Each of these trends contributed to what can only be described as Congress’s slowness and inadequacy in treating the issue of terrorism in the years before 9/11. The legislative branch adjusted little and did not restructure itself to address changing threats.112 Its attention to terrorism was episodic and splintered across several committees. Congress gave little guidance to executive branch agencies, did not reform them in any significant way, and did not systematically perform oversight to identify, address, and attempt to resolve the many problems in national security and domestic agencies that became apparent in the aftermath of 9/11.

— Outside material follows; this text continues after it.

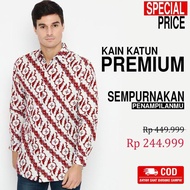 KEMEJA BATIK PRIA Kemeja Lengan Panjang Slimfit Motif Lereng Putih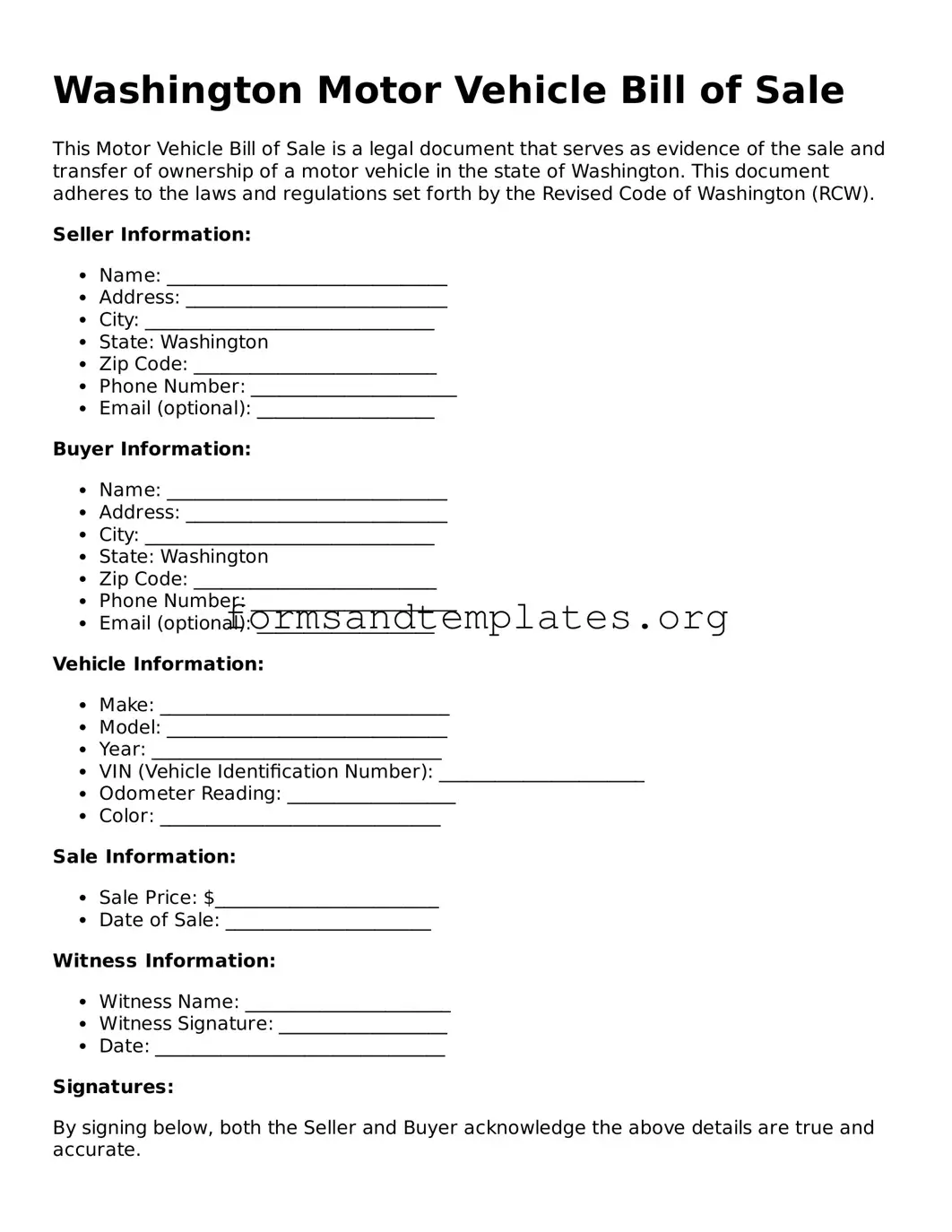 Motor Vehicle Bill of Sale Template for the State of Washington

Although individual representatives and senators took significant steps, the overall level of attention in the Congress to the terrorist threat was low. We examined the number of hearings on terrorism from January 1998 to September 2001. The Senate Armed Services Committee held nine—four related to the attack on the USS Cole. The House Armed Services Committee also held nine, six of them by a special oversight panel on terrorism. The Senate Foreign Relations Committee and its House counterpart both held four. The Senate Select Committee on Intelligence, in addition to its annual worldwide threat hearing, held eight; its House counterpart held perhaps two exclusively devoted to counter-terrorism, plus the briefings by its terrorist working group. The Senate and House intelligence panels did not raise public and congressional attention on Bin Ladin and al Qaeda prior to the joint inquiry into the attacks of September 11, perhaps in part because of the classified nature of their work. Yet in the context of committees that each hold scores of hearings every year on issues in their jurisdiction, this list is not impressive. Terrorism was a second- or third-order priority within the committees of Congress responsible for national security.113

In fact, Congress had a distinct tendency to push questions of emerging national security threats off its own plate, leaving them for others to consider. Congress asked outside commissions to do the work that arguably was at the heart of its own oversight responsibilities.114 Beginning in 1999, the reports of these commissions made scores of recommendations to address terrorism and homeland security but drew little attention from Congress. Most of their impact came after 9/11.